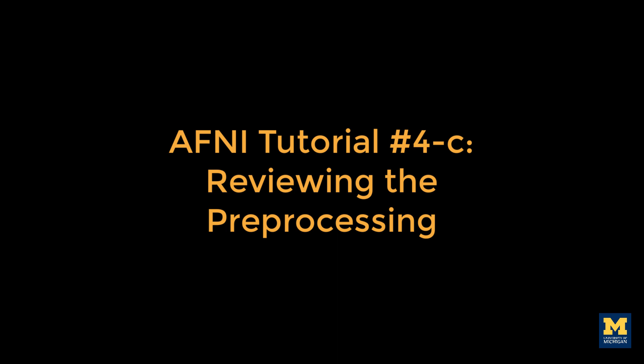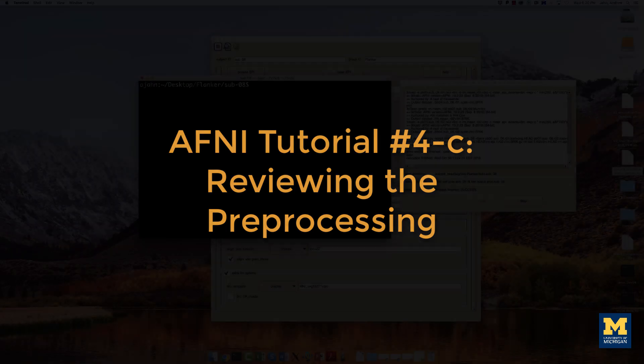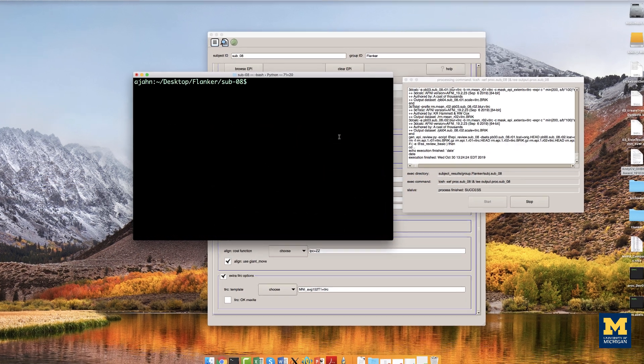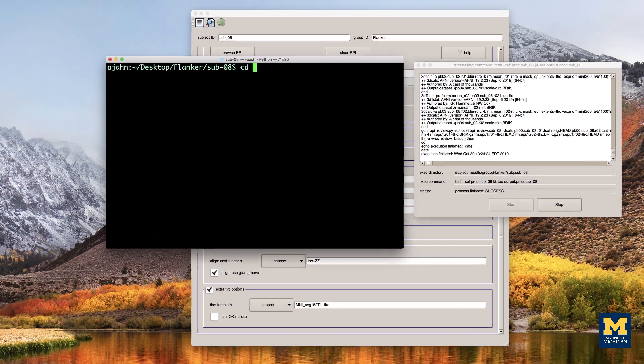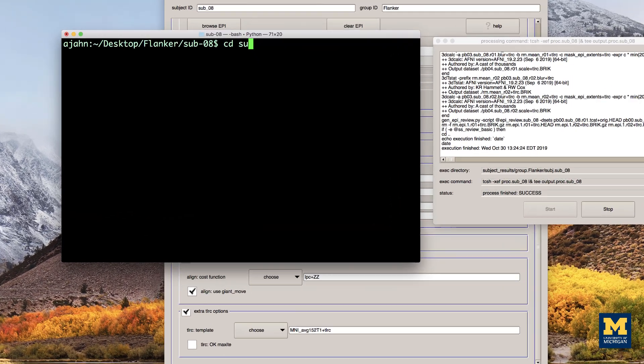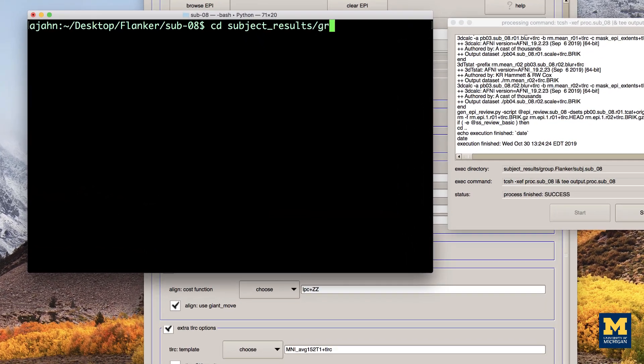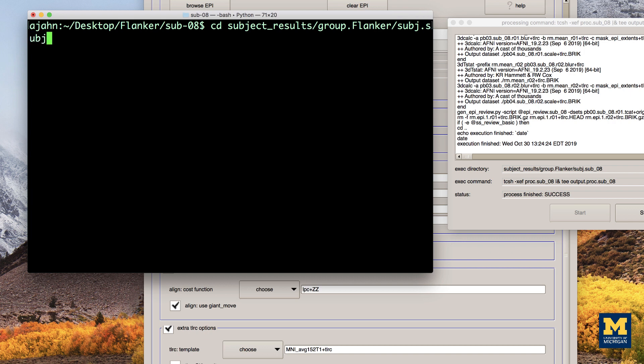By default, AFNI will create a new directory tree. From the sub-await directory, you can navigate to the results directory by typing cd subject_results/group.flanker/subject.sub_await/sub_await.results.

________________________

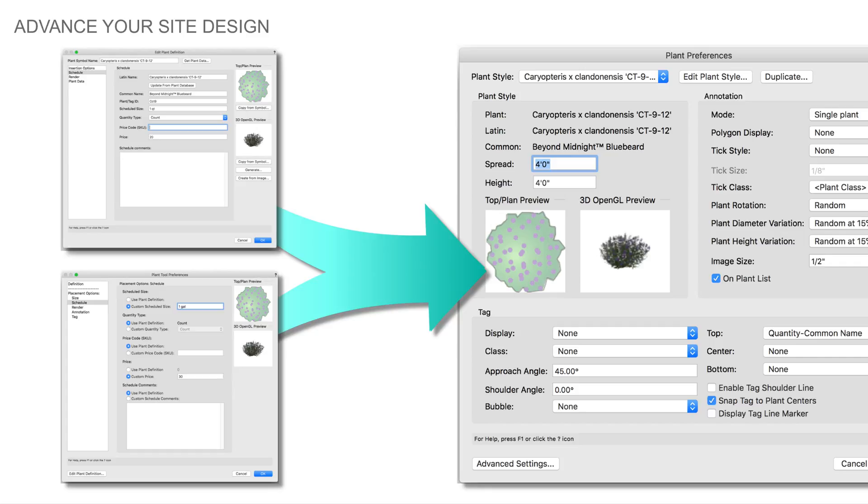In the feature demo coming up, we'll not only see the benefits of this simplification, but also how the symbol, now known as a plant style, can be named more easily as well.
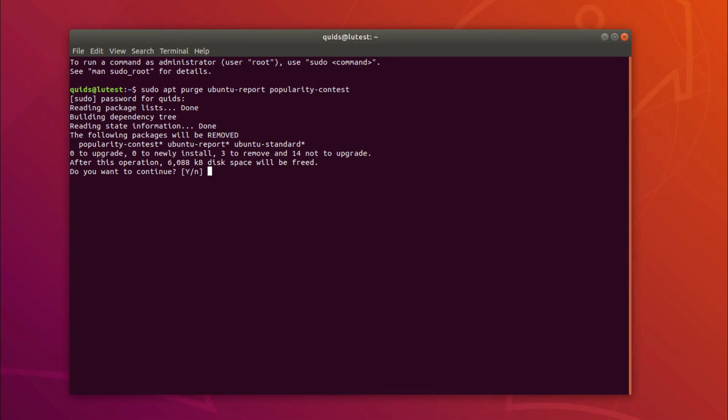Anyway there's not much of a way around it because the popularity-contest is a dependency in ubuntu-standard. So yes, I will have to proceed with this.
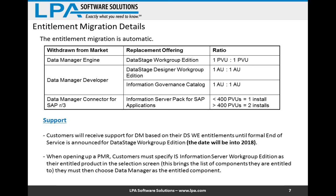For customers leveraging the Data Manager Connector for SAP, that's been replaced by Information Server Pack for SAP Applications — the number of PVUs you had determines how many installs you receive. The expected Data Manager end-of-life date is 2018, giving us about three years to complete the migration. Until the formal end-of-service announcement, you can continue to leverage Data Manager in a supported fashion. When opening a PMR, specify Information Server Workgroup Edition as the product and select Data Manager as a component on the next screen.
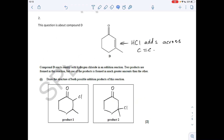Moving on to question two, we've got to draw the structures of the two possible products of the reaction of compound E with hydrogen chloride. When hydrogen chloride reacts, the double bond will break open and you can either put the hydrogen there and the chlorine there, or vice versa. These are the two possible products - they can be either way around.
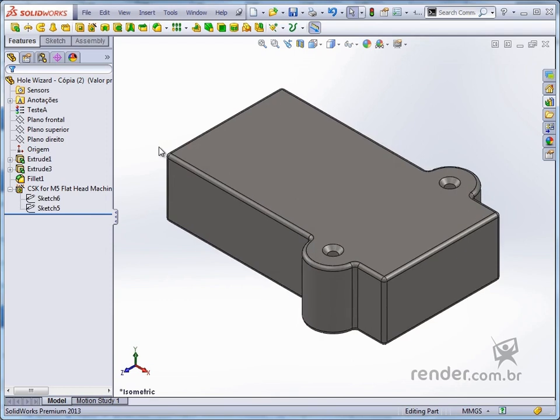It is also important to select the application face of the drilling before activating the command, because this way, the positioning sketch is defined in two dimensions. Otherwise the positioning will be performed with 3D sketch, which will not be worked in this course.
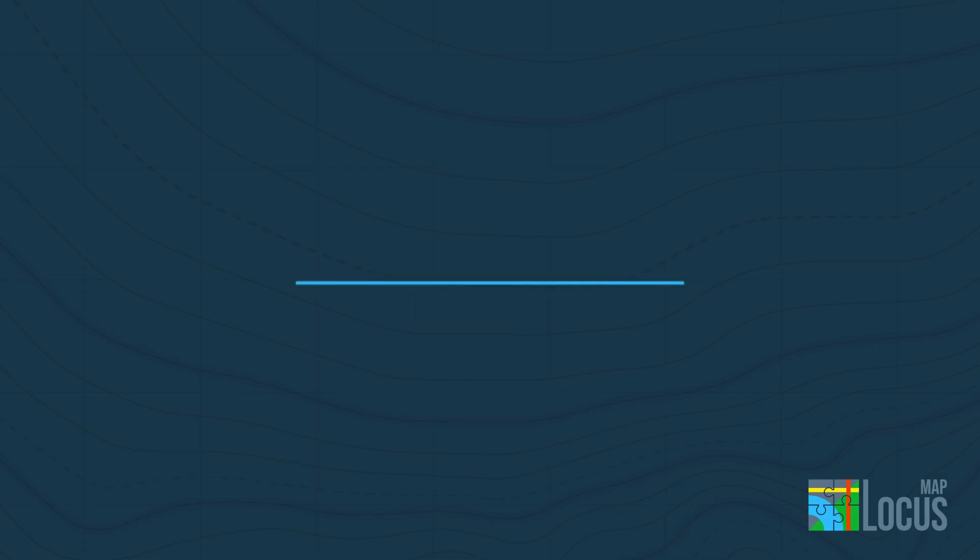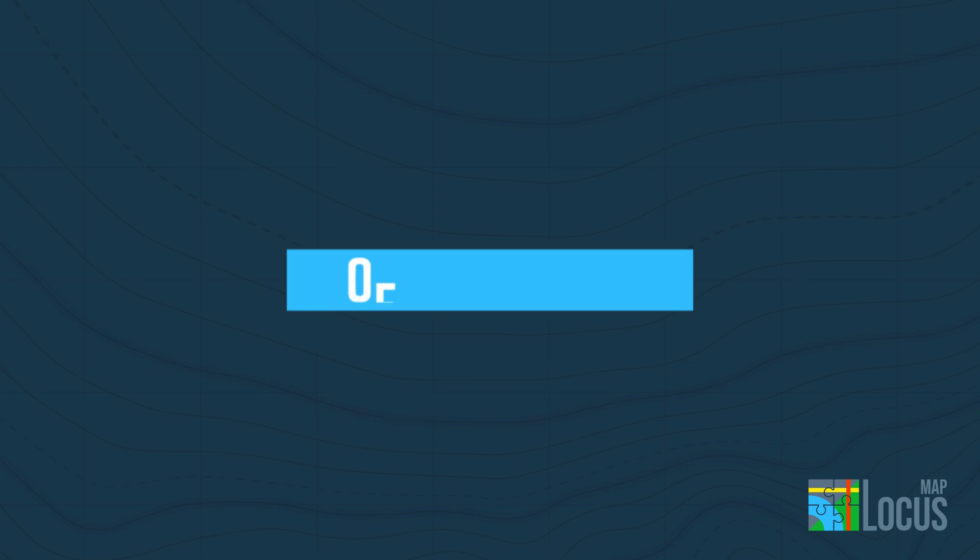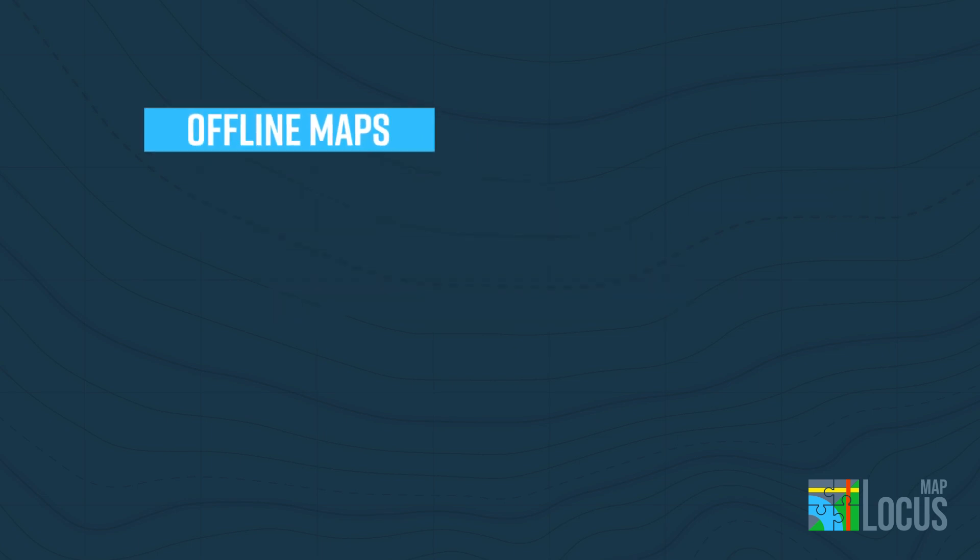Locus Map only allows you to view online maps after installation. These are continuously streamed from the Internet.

________________________

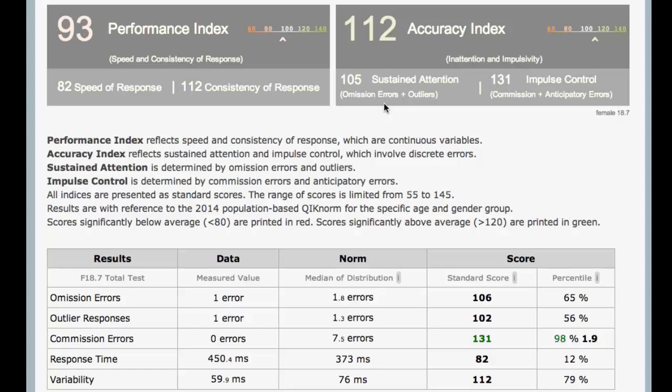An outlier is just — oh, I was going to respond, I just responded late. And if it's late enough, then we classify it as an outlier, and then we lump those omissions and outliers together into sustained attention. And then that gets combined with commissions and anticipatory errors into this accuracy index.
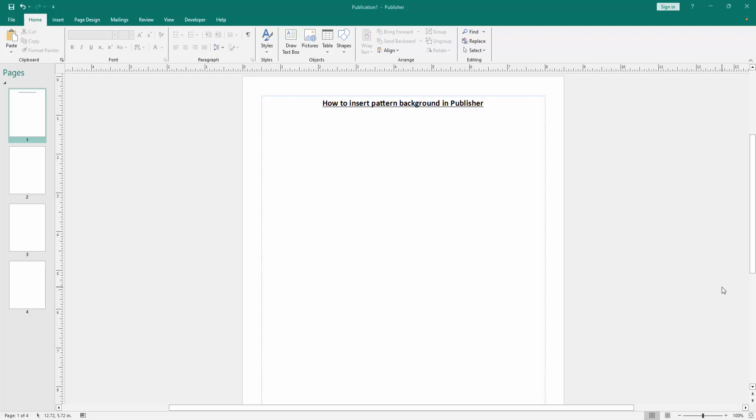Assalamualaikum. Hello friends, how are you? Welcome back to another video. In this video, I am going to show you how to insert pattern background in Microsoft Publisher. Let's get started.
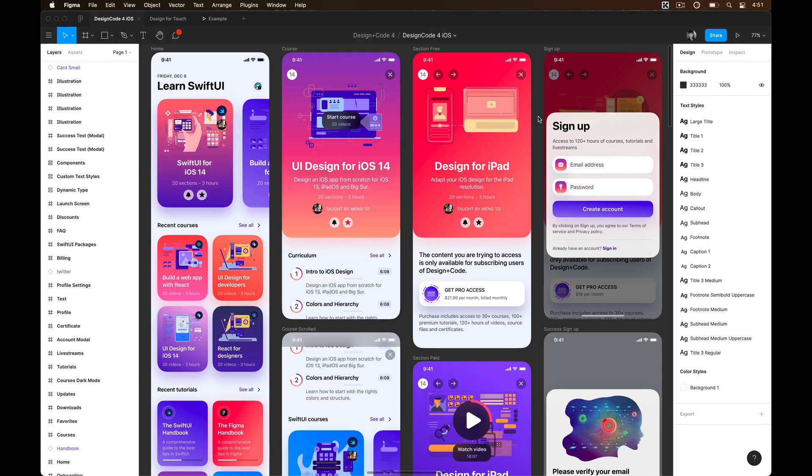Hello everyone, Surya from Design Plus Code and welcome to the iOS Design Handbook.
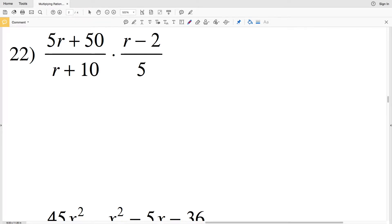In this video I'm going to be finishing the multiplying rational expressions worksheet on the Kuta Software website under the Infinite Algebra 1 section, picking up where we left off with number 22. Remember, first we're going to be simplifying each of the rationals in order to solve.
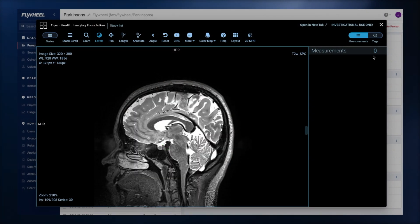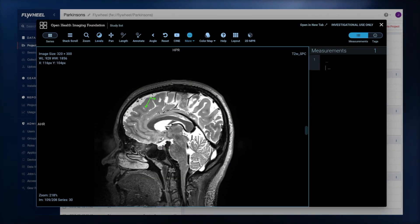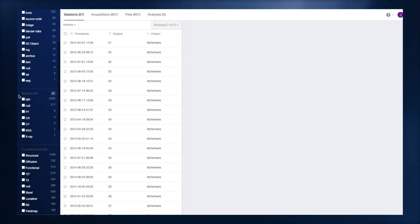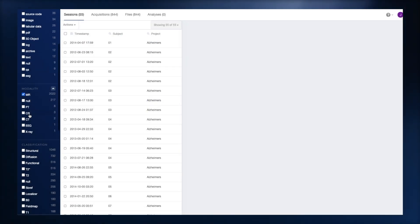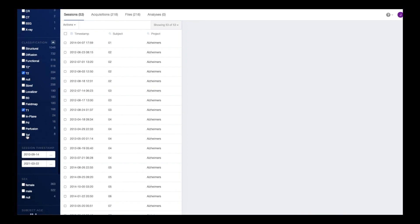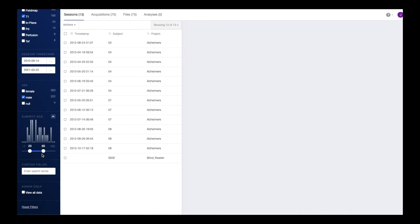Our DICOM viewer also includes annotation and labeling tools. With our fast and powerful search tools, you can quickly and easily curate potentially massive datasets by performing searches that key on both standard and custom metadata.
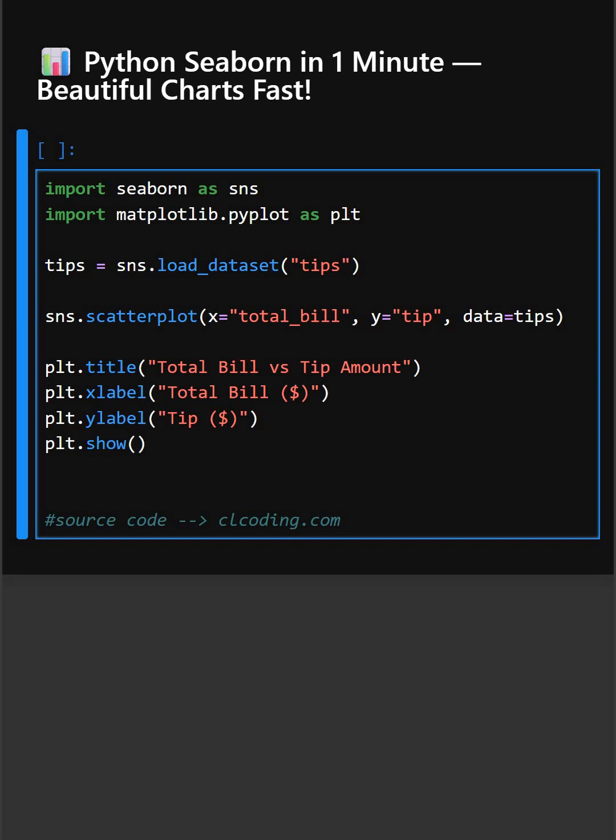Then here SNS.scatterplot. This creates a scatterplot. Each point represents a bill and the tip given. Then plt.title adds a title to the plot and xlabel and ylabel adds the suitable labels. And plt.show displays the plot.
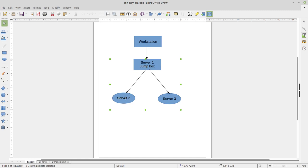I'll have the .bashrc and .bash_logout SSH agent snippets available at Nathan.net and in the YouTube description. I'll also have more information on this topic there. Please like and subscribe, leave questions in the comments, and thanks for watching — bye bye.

________________________

Above are the records. Copy word for word only their lines from the one holding "It is also important" through the one holding "Locus Map only", both included, and skip the images.

→ **Solution for this task**:
It is also important to select the application face of the drilling before activating the command, because this way, the positioning sketch is defined in two dimensions. Otherwise the positioning will be performed with 3D sketch, which will not be worked in this course.
Locus Map only allows you to view online maps after installation. These are continuously streamed from the Internet.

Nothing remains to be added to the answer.